Novel concept 1 occurrence

Varité

ELI5

Imagine "truth" is a moving target that comes in many flavors at once — Lacan made up the word "varité" by squishing "truth" and "variety" together to show that in therapy, you never get the truth, only a shifting, approximate version of it that keeps changing.

Definition

Varité is a Lacanian portmanteau coined in Seminar 24, fusing the French words vérité (truth) and variété (variety/variation) into a single neologistic term. The mechanism of its formation is itself condensation — a word-fusion of the kind Freud identified in dream-work and joke-formation — and this is not accidental: Lacan deploys condensation at the level of the signifier to name the very principle that truth, in the psychoanalytic clinic, is never univocal, stable, or fully articulable, but always multiple, variable, and approximate. Varité is what the analyst actually encounters when attempting to "read" the symptom (sinthome) through the analysand's discourse: not Truth in its pure, ideal form, but truth-as-variety, a sliding, heterogeneous approximation that is structurally irreducible to a single, fixed formulation.

The theoretical move is sharp: if psychoanalysis were organized around Truth proper — around the full disclosure of the unconscious — it would be nothing more than an "autism à deux," two subjects sealed in an unverifiable interpretive relation. What rescues it, on Lacan's account, is lalangue, the pre-structural, communal substrate of the mother tongue which the analysand's kinship discourse circulates around and which the symptom condenses. Varité, then, names the only epistemically honest position psychoanalysis can occupy with respect to truth: not its possession, but a partial, variable, communally-mediated approximation — a truth-effect produced at the intersection of lalangue and the sinthome, marked by the silent é that distinguishes varité from vérité while retaining the phonemic echo.

Place in the corpus

In jacques-lacan-seminar-24, varité occupies a pivotal argumentative position near the close of Lacan's late teaching, where his concerns with lalangue, the sinthome, and the limits of interpretation converge. It is best understood as a specification — or more precisely, a de-idealization — of the concept of truth as it functions across Lacan's career. Where the earlier Lacan of the Rome Discourse and the Four Discourses framework maintains truth as a structural position (the concealed underside of every discourse, the bar beneath the agent), the late Lacan of Seminar 24 acknowledges that no discourse — not even the Analyst's Discourse — can deliver truth in its pure form. Varité names this structural remainder: the truth-position is always occupied by something variable and approximate, never by Truth itself.

The concept cross-references condensation directly in its very formation: the portmanteau enacts what it describes, fusing two latent words into one manifest neologism.

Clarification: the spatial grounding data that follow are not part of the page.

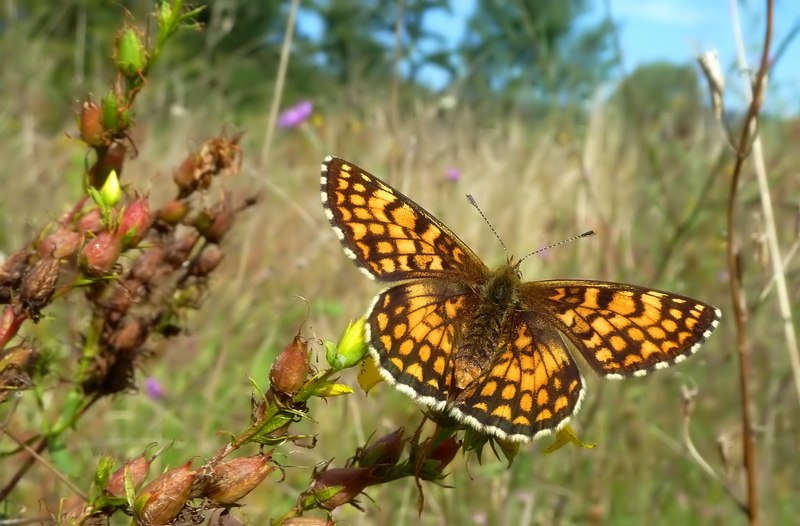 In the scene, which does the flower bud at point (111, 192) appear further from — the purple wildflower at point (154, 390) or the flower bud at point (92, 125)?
the purple wildflower at point (154, 390)

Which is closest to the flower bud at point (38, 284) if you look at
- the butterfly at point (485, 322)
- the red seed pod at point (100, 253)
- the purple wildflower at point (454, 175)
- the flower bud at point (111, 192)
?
the red seed pod at point (100, 253)

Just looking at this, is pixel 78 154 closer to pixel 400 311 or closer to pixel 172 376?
pixel 172 376

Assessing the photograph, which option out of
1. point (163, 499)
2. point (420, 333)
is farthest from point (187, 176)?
point (163, 499)

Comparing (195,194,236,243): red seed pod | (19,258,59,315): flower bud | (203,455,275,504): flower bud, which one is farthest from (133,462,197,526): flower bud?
(195,194,236,243): red seed pod

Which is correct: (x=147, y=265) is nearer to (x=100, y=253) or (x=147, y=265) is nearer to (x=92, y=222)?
(x=92, y=222)

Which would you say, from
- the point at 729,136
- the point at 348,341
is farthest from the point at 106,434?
the point at 729,136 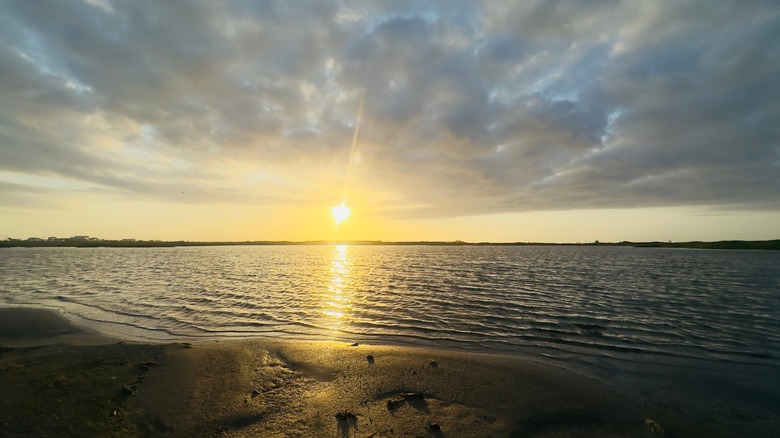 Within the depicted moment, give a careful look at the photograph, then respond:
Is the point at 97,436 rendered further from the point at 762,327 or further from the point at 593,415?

It also extends the concept of the analysand — the speaking subject whose free associations are the irreducible clinical material — by reframing what the analyst can "read" in that speech: not truth, but varité. And it re-specifies lalangue by clarifying that lalangue's communal, pre-structural character is precisely what gives varité its minimal intersubjective traction, preventing the analytic encounter from collapsing into the pure "autism à deux" that a pursuit of fixed Truth would entail. The silent é (distinguishing varité from vérité) is itself a letter in the Lacanian sense — a material mark that differentiates without fully separating, holding the relation between truth and its variation in permanent, unresolvable tension.

Key formulations

Seminar XXIV · L'insu que sait de l'une-bévue s'aile à mourreJacques Lacan · 1976 (p.112)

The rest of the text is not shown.